As I’m sure you’ve heard, NBC is rebooting Saved by the Bell for two very important reasons: 1. It’s 2020 so you have to revive anything that flickered onto our TV screens for even one goddamn second (still unironically waiting on that Just Shoot Me reboot, by the way), and, 2. Monies. Last we heard, the King of Smug Blonde Privilege himself, Zack Morris (aka Mark-Paul Gosselaar), had signed on to star, along with Jessie “Elizabeth Berkley” Spano, and A.C. “Mario Lopez” Slater. But what about Tiffani Amber Thiessen, Dustin Diamond, and Lark Voorhies? Well, no official word from Tiffani or Dustin (but, like, Dustin Diamond ain’t getting asked, let’s be real), but our beloved Lisa Turtle confirmed she wasn’t offered to be a part of it. Lark Voorhies discussed her sadness over the snub on Dr.

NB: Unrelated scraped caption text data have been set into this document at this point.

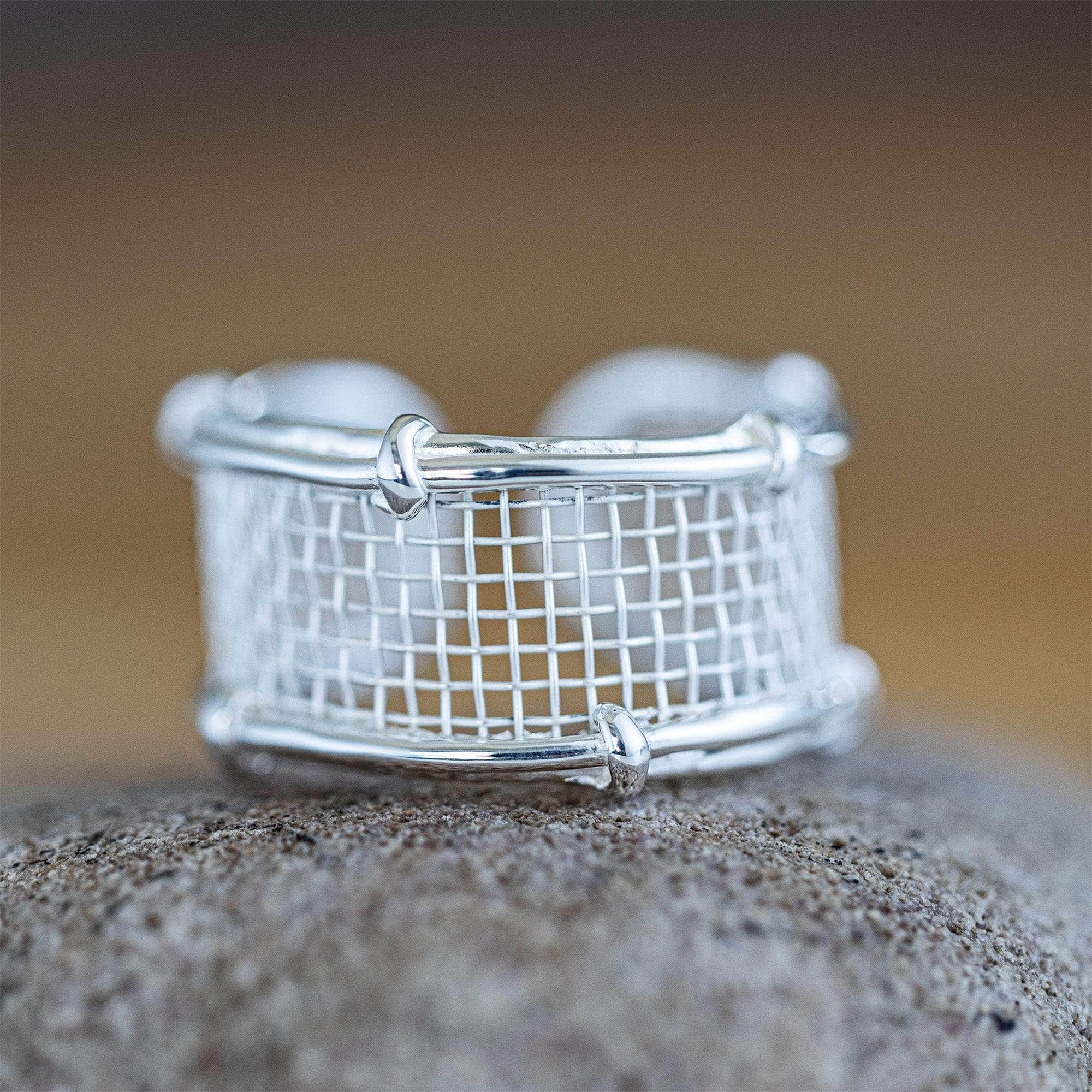 Netta Minimalist 925 Silver & Titanium Mesh Adjustable Open Band Ring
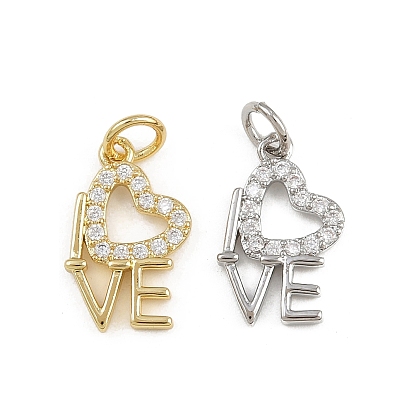 Латунные микро проложить кубического циркония подвески, сердце со словом любовь прелести, с целью перехода в кольце, стойки покрытие, долговечный, без свинца и без кадмия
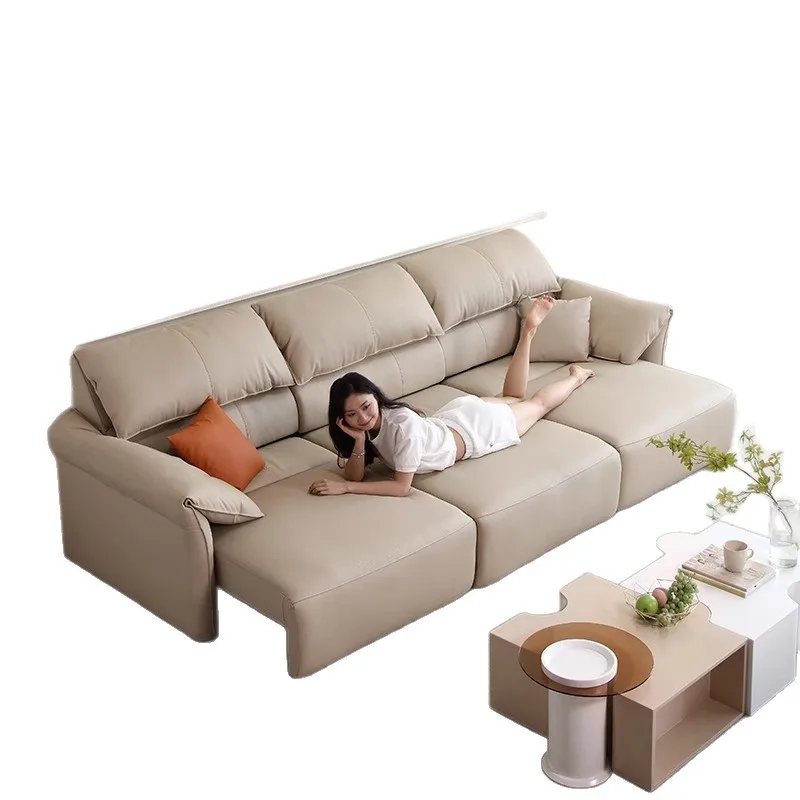 

Leather sofa zero wall retractable electric sofa bed multi-functional dual-purpose home theater living room three people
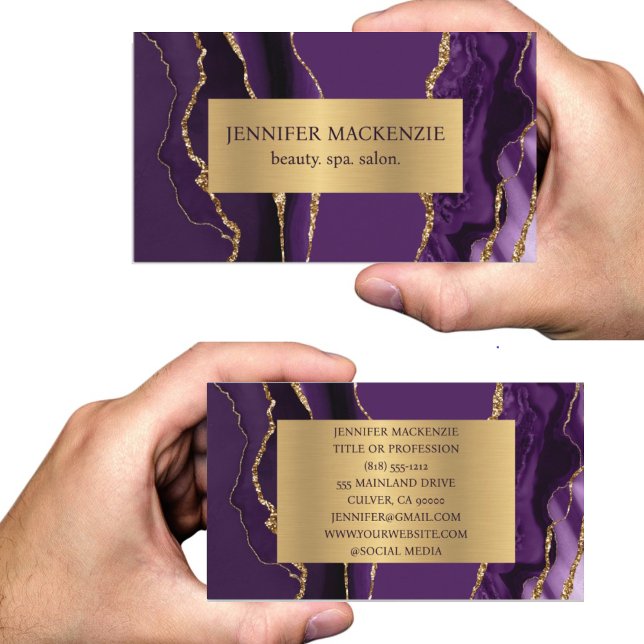 Elegant Purple and Gold Agate Business Card (Creator Uploaded)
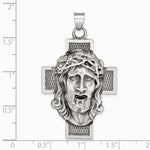 Sterling Silver Hollow Satin Antiqued Jesus Cross Medal - Product Photo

Oz, while giving us business woman Marilyn Monroe.
Lark was on Dr. Oz to discuss her struggles with mental illness, specifically bipolar disorder. Her issues have been well documented the last several years, and she admits they probably factored into her exclusion from the new show. She read the thoughts she wrote about this in her journal:
"I have to admit I did feel a bit slighted and hurt."
"Saved by the Bell" star Lark Voorhies joins me Wednesday to discuss her mental health, as well as her feelings about not being included in an upcoming reboot of the show. pic.twitter.com/mLYQ4aRpoF
— Dr. Mehmet Oz (@DrOz) February 18, 2020
At first I was like, “Don’t worry, Lisa Turtle, this reboot will suck harder than Fuller House, a show so shitty I can’t even wash the dishes to it”, but then I saw it’s being written/produced by Tracey Wigfield, who worked on 30 Rock and Great News. So it might actually be good.
Here’s the premise, according to Deadline: Zack Morris, now the Governor of California (HOW?!), closes a bunch of low-income schools, and all the displaced kids are sent to super-privileged Bayside High. Zack’s son, “Mac”, is a charming little Zack 2.0, and Jessie Spano’s son, “Jamie”, a “sensitive man-child”, is captain of the football team. Aaand, I’m already shipping Mac and Jamie’s closeted teenaged love affair. The more tortured the better! MAKE IT HAPPEN, NBC. AND BRING BACK LISA TURTLE TOO!